Arrivare all’alba ai cancelli della Rheinmetall Italia è come un “safari” tra industrie delle armi, che parte da Rebibbia, nella zona industriale che venne – a suo tempo – definita come Tiburtina Valley, una Silicon Valley nostrana. Solo che buona parte di quelle industrie in quel territorio liminale tra la città e la periferia producono  armamenti e  componenti elettroniche per la difesa. Nelle strade quasi sterrate che dalla Via Tiburtina fino a Via Affile, nostra destinazione, incroci Leonardo, MBDA, ed altre sigle, strutture prefabbricate, che non lasciano trapelare il cuore delle loro attività. Industrie di morte, lontane dagli occhi e dal cuore.  Arriviamo davanti al cancello principale della Rheinmetall, e decine di attivisti e attiviste di Stand up for Rojava scendono da un furgone e si incatenano ad oltranza, per “sigillare” la via di transito del veicolo che dovrebbe prossimamente trasportare un cannone a tiro rapido, capace di sparare 600 colpi al minuto, in via di spedizione per la Turchia.

Un gioiello della tecnica che può essere installato su mezzi navali e mezzi corazzati di terra.

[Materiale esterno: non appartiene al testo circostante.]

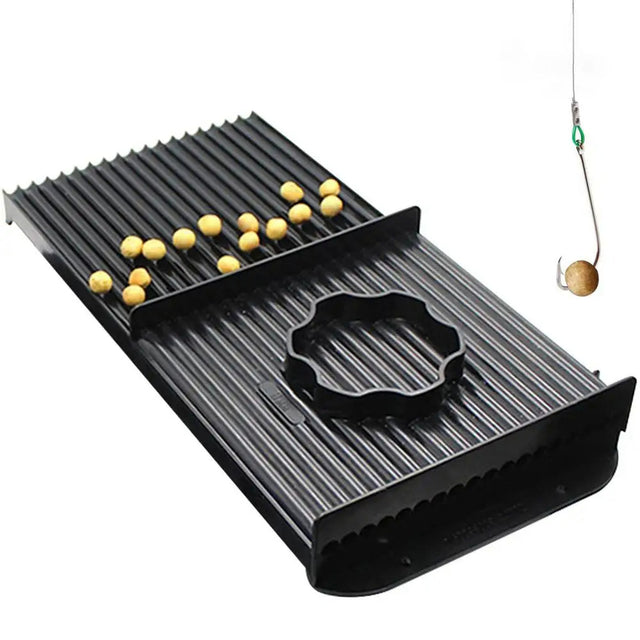 Boilie Roller Black Boilie Rolling Table Portable Funny Bait Maker Ball Making Fishing Pond Ball Bait Molding Machine Round Bait - V.I.P Digital Presence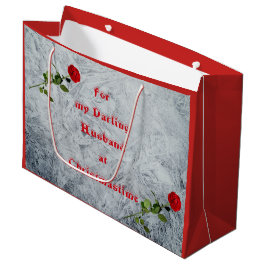 Rote Rose Darling Husband zu Weihnachten Große Geschenktüte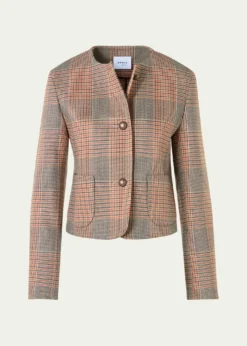Akris puntoGlen Plaid Wool Jacket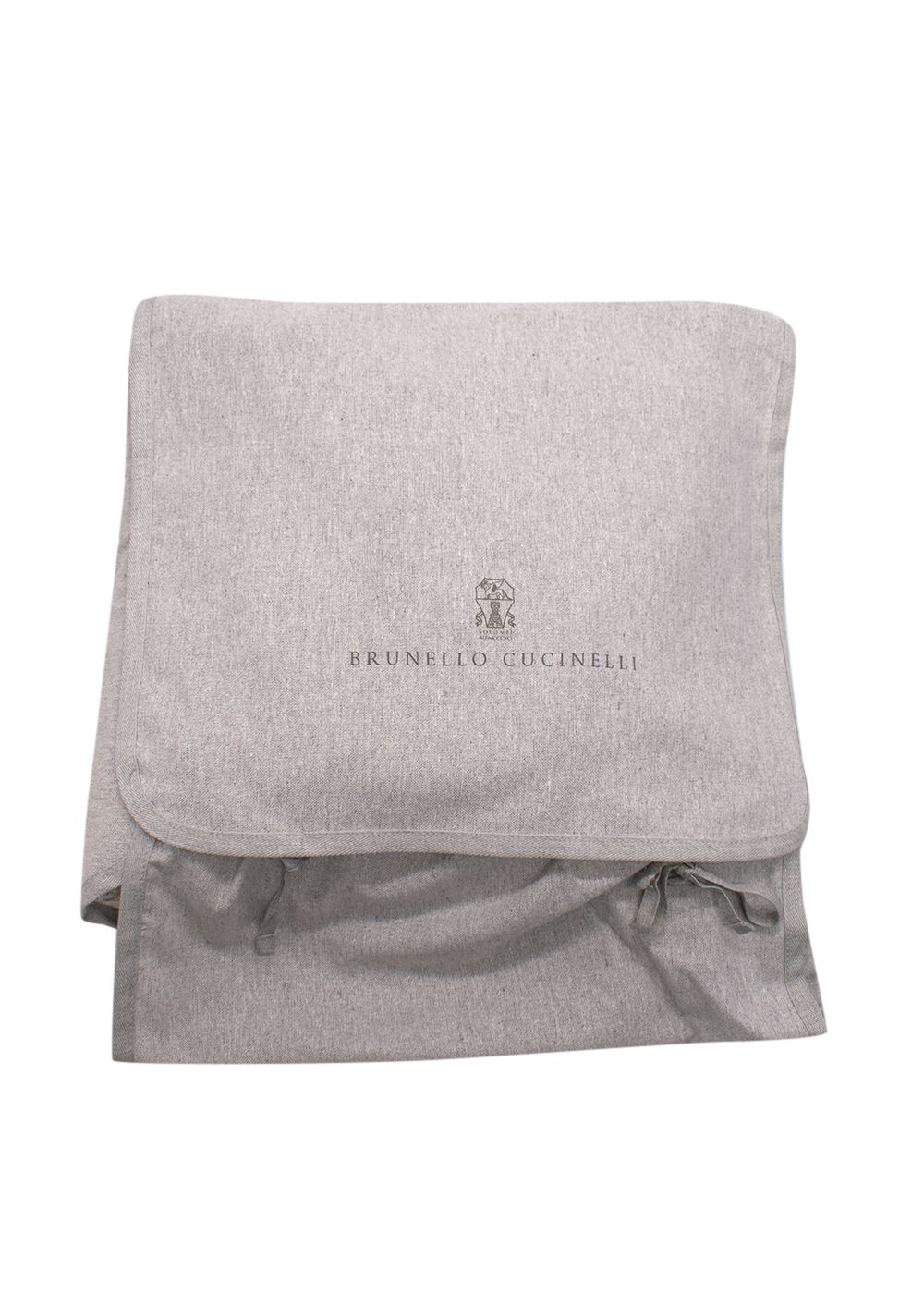 Men's Brunello Cuccinelli Stone Cashmere-Blend Knitted Cushion, 40x40cm cashmere/silk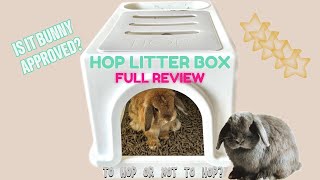 To HOP or not to HOP? HOP Litter Box Full Review by Bella & Blondie Bunny Rabbits 911 views 1 month ago 4 minutes, 14 seconds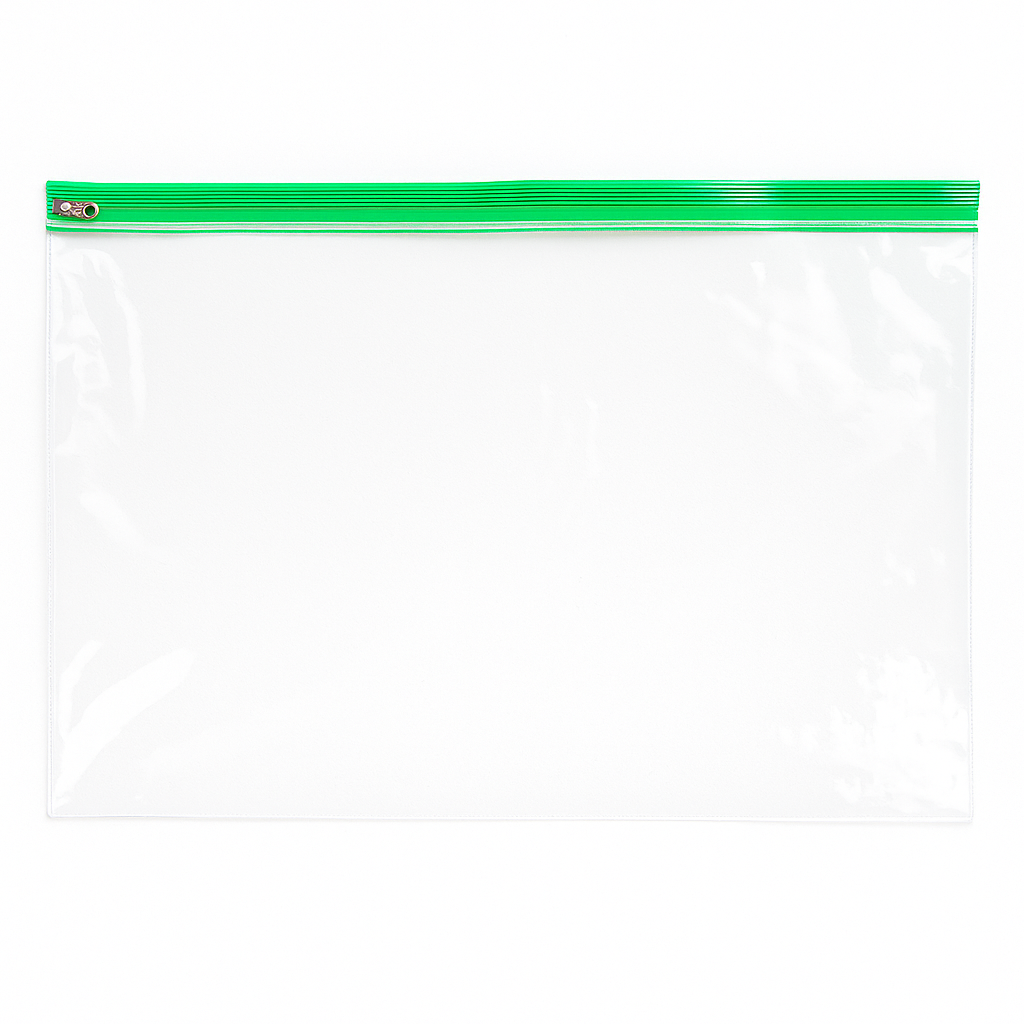 3805 A3 POLYTHENE ZIP BAG - ASSTD. - Image 1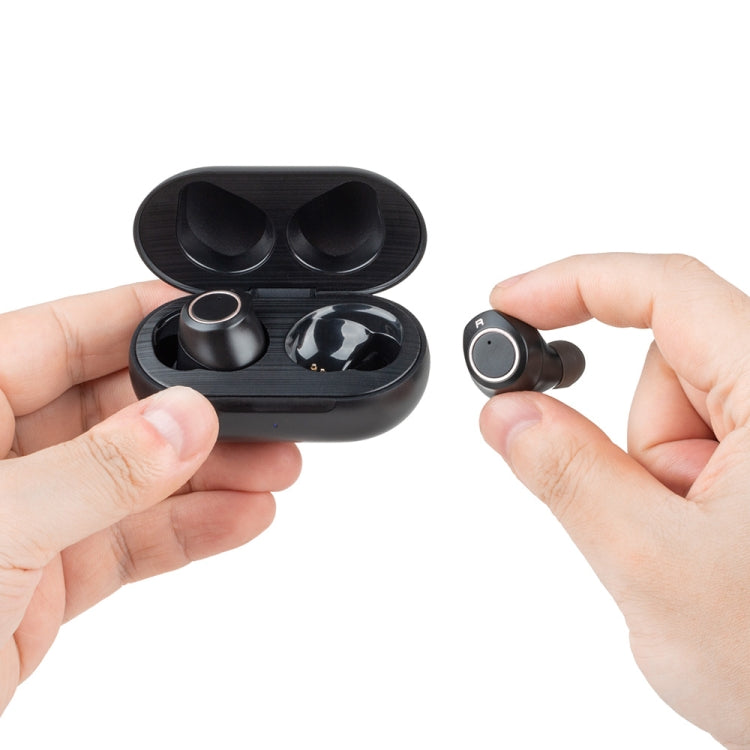 GE-T15 Mini USB Charging TWS Hearing Aid Sound Amplifier, Black, White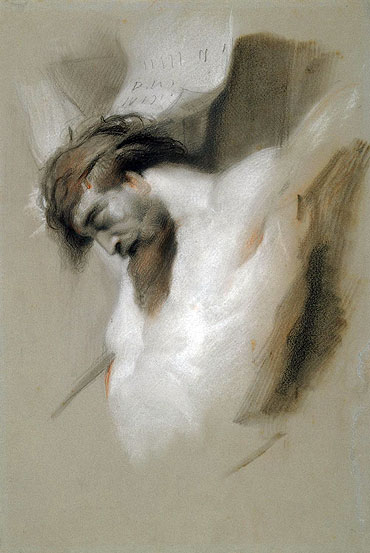 Christus am Kreuz nach Rubens | Landseer | Gemälde Reproduktion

Altri due di una commessa di 12 sono ancora da consegnare alle forze armate di Erdogan, colpevoli nei giorni scorsi di efferati crimini di guerra nell’operazione militare scatenata contro il Rojava, senza esclusione di colpi, contro civili inermi. Obiettivo quello di creare una “zona” cuscinetto che, secondo gli accordi dell’ultim’ora, verrà pattugliata da contingenti misti turchi e russi. Un modo per minare alla base le fondamenta territoriali del YPG da una parte,  allontanandole dal confine con il Kurdistan turco ed allo stesso tempo spostare migliaia di profughi siriani nei territori conquistati a filo di spada.  Un’operazione cinica e criminale, avallata dal silenzio complice della comunità internazionale, e avviata dall’annuncio poi ritrattato di Donald Trump di ritiro delle truppe USA che di fatto garantivano una sorta di tregua armata. Così i kurdi del Rojava sono stati abbandonati al loro destino, nonostante il loro contributo determinante alla lotta all’ISIS.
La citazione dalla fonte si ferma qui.